Странно, что у нас не вызывают вопроса несчастья ближних, кроме разве что немногих, самых близких людей. В лучшем случае мы однажды зададим его в рассеянности. Но кто сам в несчастье, в том этот вопрос забит как гвоздь, он кричит непрестанно: почему? почему? зачем? Сам Христос выкрикнул эти слова: «Зачем Ты Меня оставил?»85
«Зачем?» несчастного не находит ответа – потому что мы живем там, где правит необходимость, а не целесообразность. Если бы в этом мире правила целесообразность, то место блага не находилось бы в ином мире.
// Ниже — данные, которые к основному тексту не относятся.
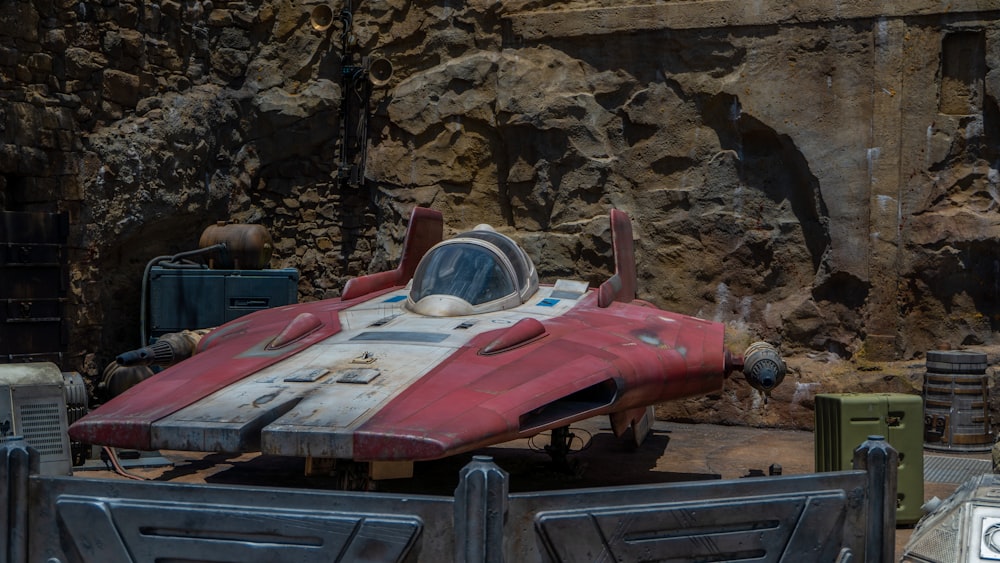 a red and white car parked in front of a rock wall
Каждый раз, когда мы вопрошаем мир о целесообразности, он в ней отказывает. Но чтобы знать, что откажет, сначала надо спросить.
Нас заставляет спрашивать о целесообразности мира только несчастье, да еще красота, ибо прекрасное нам дает столь живое ощущение присутствия блага, что мы ищем его цель, будучи не в состоянии когда-либо найти. Прекрасное тоже побуждает вопрошать: «Зачем?» Зачем вот это, что я вижу, – прекрасно? Но мало кто способен повторять это «зачем?» в течение долгого времени. Зато несчастье кричит свое «почему?», «зачем?» без умолку, часами, днями, годами, – пока не иссякнут последние силы.
Тот, кто способен не только кричать, но еще и слушать, услышит ответ. Этот ответ – молчание. Вечное молчание, за которое горько упрекал Бога Виньи86. Однако Виньи не был вправе говорить от себя, как ответил бы Праведник на это молчание, ибо сам не был праведником. Праведный – любит. Тот, кто способен не только слушать, но и любить, услышит это молчание как слово Бога.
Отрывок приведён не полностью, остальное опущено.